◇鶴舞
busの路線の関係で一旦牛久駅まで戻ってから、鶴舞へ乗り換える。
ちなみに、長南から牛久への便は一日五本しかない。鶴舞行きの便も予定より十分早く出たりして、危うく乗りそこねる所だった。transit bus(路線バス)は、その複雑な停留関係も含めてよく知らないものがいきなり利用しようとすると過ちを犯す可能性が高いので、必ずbusの運転手などと話して行き先その他を確かめた方がいい。
近くの停留所で下りて、鶴舞小学校にある鶴舞城跡を訪ねる。ここは明治維新の後に築城を始めた城で、明治初期の地方領主はごく短期間(明治四年の廃藩置県まで)しか存在し得なかったために造りかけで取りやめられた。
特筆すべきは堀で、道路を渡って少し南に入って行くと大きな池としか形容しようのない堀が現れる。その堀の真中を渡って、妙な集落を抜けていくと鶴舞神社が見え、その隣に公民館がある。
厠を借りたのだが、中に入ると戦前の校舎のようなつくりだ。事務員が常駐していて、聞くと旧藩校だという。
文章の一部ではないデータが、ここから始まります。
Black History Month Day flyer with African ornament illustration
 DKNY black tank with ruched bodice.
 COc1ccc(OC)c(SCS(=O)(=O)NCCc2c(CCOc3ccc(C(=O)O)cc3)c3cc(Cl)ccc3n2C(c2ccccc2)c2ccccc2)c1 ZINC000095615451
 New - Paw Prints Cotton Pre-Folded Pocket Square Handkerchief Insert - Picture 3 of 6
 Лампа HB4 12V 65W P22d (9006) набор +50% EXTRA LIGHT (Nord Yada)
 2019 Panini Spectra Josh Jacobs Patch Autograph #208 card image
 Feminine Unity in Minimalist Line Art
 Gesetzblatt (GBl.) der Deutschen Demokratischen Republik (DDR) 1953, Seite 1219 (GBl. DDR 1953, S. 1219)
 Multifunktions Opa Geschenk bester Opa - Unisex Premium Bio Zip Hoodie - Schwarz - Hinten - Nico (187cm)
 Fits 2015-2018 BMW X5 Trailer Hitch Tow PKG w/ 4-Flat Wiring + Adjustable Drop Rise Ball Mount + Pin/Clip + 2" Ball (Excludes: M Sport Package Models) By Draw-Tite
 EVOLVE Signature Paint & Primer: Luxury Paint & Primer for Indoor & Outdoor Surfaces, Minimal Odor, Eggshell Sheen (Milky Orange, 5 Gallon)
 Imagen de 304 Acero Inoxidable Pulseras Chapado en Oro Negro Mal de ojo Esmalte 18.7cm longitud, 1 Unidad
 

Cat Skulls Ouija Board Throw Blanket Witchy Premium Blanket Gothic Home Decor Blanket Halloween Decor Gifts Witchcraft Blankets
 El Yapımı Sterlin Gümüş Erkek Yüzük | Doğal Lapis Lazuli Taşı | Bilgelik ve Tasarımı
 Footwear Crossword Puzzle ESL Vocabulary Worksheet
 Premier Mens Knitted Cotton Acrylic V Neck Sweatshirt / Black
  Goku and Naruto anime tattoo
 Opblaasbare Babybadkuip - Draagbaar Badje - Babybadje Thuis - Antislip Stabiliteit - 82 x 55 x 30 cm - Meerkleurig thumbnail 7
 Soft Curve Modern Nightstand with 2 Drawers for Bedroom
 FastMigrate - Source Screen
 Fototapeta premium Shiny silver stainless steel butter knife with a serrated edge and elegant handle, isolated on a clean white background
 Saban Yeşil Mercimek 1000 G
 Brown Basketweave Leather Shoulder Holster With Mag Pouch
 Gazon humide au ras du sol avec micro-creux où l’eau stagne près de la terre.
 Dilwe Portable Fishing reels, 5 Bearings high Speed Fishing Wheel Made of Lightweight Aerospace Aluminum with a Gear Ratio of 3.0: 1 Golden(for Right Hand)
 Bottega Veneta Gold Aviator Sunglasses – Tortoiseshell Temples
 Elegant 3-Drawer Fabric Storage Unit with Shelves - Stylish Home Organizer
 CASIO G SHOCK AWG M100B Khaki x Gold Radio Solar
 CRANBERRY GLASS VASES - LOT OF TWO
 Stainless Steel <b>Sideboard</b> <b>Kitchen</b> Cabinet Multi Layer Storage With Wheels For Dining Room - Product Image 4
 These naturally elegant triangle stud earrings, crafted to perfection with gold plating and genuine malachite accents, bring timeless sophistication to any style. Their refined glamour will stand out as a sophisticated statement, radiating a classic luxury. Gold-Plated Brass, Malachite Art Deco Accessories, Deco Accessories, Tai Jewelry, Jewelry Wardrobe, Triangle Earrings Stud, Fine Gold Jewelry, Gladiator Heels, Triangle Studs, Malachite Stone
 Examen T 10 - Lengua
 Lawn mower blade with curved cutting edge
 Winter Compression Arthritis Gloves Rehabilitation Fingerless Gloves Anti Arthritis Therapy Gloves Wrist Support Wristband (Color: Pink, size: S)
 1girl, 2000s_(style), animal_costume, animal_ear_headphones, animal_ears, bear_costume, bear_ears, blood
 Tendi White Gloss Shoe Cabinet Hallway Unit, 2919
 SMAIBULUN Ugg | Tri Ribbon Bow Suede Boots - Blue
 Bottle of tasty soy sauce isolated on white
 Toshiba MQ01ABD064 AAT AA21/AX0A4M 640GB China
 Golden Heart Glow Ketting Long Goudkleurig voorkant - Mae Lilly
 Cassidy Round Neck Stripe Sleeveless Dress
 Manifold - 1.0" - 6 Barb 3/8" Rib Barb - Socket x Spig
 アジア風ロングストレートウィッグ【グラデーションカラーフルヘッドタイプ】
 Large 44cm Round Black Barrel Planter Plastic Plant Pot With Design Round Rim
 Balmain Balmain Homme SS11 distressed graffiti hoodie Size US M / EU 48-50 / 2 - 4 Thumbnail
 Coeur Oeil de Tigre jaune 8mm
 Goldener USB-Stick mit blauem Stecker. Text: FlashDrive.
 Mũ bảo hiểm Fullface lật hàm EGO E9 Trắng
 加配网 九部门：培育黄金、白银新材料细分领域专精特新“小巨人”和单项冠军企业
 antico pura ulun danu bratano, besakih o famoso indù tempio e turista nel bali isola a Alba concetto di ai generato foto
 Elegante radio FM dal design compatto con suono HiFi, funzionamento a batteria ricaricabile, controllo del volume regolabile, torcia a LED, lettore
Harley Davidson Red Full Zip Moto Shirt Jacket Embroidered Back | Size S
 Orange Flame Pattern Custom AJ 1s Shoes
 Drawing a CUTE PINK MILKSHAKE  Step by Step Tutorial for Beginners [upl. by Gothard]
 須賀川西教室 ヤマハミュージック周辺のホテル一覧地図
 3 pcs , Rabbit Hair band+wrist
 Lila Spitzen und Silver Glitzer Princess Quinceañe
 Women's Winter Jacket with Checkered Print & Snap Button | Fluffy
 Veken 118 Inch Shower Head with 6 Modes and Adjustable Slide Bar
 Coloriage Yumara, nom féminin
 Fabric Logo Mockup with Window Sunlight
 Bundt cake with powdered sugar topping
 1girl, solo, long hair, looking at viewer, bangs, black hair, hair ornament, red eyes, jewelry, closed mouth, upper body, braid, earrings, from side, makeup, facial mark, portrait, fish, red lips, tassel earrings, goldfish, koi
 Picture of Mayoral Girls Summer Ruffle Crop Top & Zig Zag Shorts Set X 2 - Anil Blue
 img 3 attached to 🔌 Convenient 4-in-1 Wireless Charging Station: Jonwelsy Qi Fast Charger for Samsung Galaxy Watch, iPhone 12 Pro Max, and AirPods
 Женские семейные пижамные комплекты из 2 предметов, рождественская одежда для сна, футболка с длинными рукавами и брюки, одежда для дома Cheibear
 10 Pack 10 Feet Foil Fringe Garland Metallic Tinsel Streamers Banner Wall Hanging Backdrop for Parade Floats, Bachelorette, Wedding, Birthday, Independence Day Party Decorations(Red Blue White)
鶴舞城をつくった藩主井上氏の遺徳が今も残っているのはうれしいことだ。
木造の体育館が一体化してあるのだが、自分が通っていた頃の小学校にはこれと同じ式のものが残っていた。今ではまず見かけることはないが、ここは状態が良いまま保存されていて、すでに史跡であると思う(一部庇が破損していたのでそこは直してもらいたいものだ)。
◇池和田城
藩校跡をしばらく下ると、混凝土の壁を穿って地蔵が何体も祀られており、そのすぐ下の道が別れる所に池和田城の入り口がある(標柱)。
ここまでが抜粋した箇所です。